Van de Vlaamse Nic van Bruggen (Merksem, 1938 – Antwerpen 1991) het volgende gedicht uit zijn bundel Place des Vosges, Manteau, 1981.
Rembrandt Bugatti & de bloemen
Er zat een danseres in zijn hoofd
Als een geweten vol onzinnigheid.
Eindeloos kocht hij bloemen. Kilometers
Maandverband voor zijn besef. En,
Van de dieren in de zoo maakte hij
Onsterfelijke vrienden die sporen gaven
Aan de schoonheid, maar altijd stierven
In de bronzen kooi van zijn ondenkbaarheid.
Hoe transparant werd zijn rouw om niets.
En strakker de metalen Iijnen van zijn
Stervend geheugen in uitgewiste herinneringen
Aan zachtheid. Zo zat hij op de terrassen
Aan de lei, keek naar de lege einders
Van schepen op de Schelde. En schond zich
Meer en meer, maar onzichtbaar in de mantels
Van zijn roem. En ‘s avonds besloop
De waanzin hem met de ogen van een genodigde.
Parijs en dood rondom als een toneelstuk,
Pregnant en pijnigend wat in hem restte
Aan pijnen en tederheid en glimlachjes,
Drie glazen wijn per dag en boeken
Met spierwitte bladzijden. Zo wordt het
niet zijn overweldigend en onuitstelbaar.
Want wat aanwezig is, is er niet.
En na de mis op de treden van de Madeleine
Kocht hij weer bloemen. Nooit voor zich,
Maar zette ze naast zich voor wie er zijn zou
Als straks de engel hem kussen zal.
Rembrandt Bugati (1884-1916) was een kunstenaar die de prachtigste dieren heeft gebeeldhouwd in de Zoo van Antwerpen. Hij kwam uit een Milanese kunstenaarsfamilie en was de jongere broer van Ettore Bugatti, oprichter van de bekende autofabriek voor supersnelle sportauto’s en futuristische italiaanse motoren.

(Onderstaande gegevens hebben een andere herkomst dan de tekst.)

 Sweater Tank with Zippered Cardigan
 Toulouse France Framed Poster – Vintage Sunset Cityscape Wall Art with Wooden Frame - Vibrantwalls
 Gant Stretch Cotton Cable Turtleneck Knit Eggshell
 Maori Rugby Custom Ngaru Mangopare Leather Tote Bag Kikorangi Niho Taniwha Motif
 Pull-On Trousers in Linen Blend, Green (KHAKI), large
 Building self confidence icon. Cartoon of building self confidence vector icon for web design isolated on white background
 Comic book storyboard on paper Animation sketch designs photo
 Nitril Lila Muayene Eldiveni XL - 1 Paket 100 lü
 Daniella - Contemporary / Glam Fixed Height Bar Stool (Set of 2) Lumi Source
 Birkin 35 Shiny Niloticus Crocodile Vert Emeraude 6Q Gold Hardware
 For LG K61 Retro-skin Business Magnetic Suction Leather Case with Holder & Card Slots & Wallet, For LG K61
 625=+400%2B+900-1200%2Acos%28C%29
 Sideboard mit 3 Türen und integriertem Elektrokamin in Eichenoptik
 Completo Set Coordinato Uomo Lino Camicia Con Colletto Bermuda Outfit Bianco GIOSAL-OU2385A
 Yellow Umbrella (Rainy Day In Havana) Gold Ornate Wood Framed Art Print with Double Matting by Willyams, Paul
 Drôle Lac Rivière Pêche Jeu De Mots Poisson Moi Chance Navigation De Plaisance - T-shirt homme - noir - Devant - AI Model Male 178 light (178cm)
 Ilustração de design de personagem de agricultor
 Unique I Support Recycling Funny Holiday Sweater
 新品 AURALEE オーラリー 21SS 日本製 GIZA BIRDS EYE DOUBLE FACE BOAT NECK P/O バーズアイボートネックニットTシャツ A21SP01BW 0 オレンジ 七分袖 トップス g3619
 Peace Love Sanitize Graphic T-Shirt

Bugatti leidde een kunstenaarsbestaan in Antwerpen. Hij was dol op de beesten in de dierentuin. Toen begon de Eerste Wereldoorlog en de dierentuin, vlak naast het Centraal Station van Antwerpen, dreigde door bommen geraakt te worden. Uit voorzorg werden de roofdieren gedood, opdat ze niet uit hun kapotgeschoten hokken zouden kunnen ontsnappen en gevaarlijk zouden zijn voor de inwoners van de stad. Ook werden andere dieren gedood vanwege tekort aan voedsel, om niet te hoeven kreperen van de honger. Bugatti hielp enige tijd in een militair hospitaal oorlogsslechtoffers verplegen en verhuisde verdwaasd terug naar Parijs. Hij zag het uiteindelijk niet meer zitten en maakte daar een eind aan zijn leven.
In het gedicht wordt zijn leven herdacht.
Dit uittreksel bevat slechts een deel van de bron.